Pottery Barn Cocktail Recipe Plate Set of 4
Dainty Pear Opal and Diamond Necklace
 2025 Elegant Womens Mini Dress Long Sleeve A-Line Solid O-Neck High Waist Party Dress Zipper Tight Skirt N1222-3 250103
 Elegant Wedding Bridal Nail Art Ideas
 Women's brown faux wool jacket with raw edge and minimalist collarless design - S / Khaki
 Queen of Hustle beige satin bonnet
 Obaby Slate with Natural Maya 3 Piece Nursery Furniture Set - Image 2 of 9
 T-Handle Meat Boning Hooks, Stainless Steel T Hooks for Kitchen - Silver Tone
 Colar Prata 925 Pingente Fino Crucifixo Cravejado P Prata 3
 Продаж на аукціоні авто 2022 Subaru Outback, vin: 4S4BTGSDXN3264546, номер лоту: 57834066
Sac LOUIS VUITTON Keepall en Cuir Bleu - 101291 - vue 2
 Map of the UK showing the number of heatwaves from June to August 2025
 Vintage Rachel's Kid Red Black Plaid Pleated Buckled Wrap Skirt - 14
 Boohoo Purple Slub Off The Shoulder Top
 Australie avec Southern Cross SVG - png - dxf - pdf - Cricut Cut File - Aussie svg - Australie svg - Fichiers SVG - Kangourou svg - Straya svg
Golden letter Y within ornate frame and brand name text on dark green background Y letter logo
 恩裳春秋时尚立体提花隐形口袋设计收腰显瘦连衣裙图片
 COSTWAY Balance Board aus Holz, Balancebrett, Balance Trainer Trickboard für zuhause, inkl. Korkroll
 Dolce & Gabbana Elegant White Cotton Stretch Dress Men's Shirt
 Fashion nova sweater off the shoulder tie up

++++++

Exercise
Please retype all of the records above exactly as they are.

Answer for this exercise
Pottery Barn Cocktail Recipe Plate Set of 4
Dainty Pear Opal and Diamond Necklace
 2025 Elegant Womens Mini Dress Long Sleeve A-Line Solid O-Neck High Waist Party Dress Zipper Tight Skirt N1222-3 250103
 Elegant Wedding Bridal Nail Art Ideas
 Women's brown faux wool jacket with raw edge and minimalist collarless design - S / Khaki
 Queen of Hustle beige satin bonnet
 Obaby Slate with Natural Maya 3 Piece Nursery Furniture Set - Image 2 of 9
 T-Handle Meat Boning Hooks, Stainless Steel T Hooks for Kitchen - Silver Tone
 Colar Prata 925 Pingente Fino Crucifixo Cravejado P Prata 3
 Продаж на аукціоні авто 2022 Subaru Outback, vin: 4S4BTGSDXN3264546, номер лоту: 57834066
Sac LOUIS VUITTON Keepall en Cuir Bleu - 101291 - vue 2
 Map of the UK showing the number of heatwaves from June to August 2025
 Vintage Rachel's Kid Red Black Plaid Pleated Buckled Wrap Skirt - 14
 Boohoo Purple Slub Off The Shoulder Top
 Australie avec Southern Cross SVG - png - dxf - pdf - Cricut Cut File - Aussie svg - Australie svg - Fichiers SVG - Kangourou svg - Straya svg
Golden letter Y within ornate frame and brand name text on dark green background Y letter logo
 恩裳春秋时尚立体提花隐形口袋设计收腰显瘦连衣裙图片
 COSTWAY Balance Board aus Holz, Balancebrett, Balance Trainer Trickboard für zuhause, inkl. Korkroll
 Dolce & Gabbana Elegant White Cotton Stretch Dress Men's Shirt
 Fashion nova sweater off the shoulder tie up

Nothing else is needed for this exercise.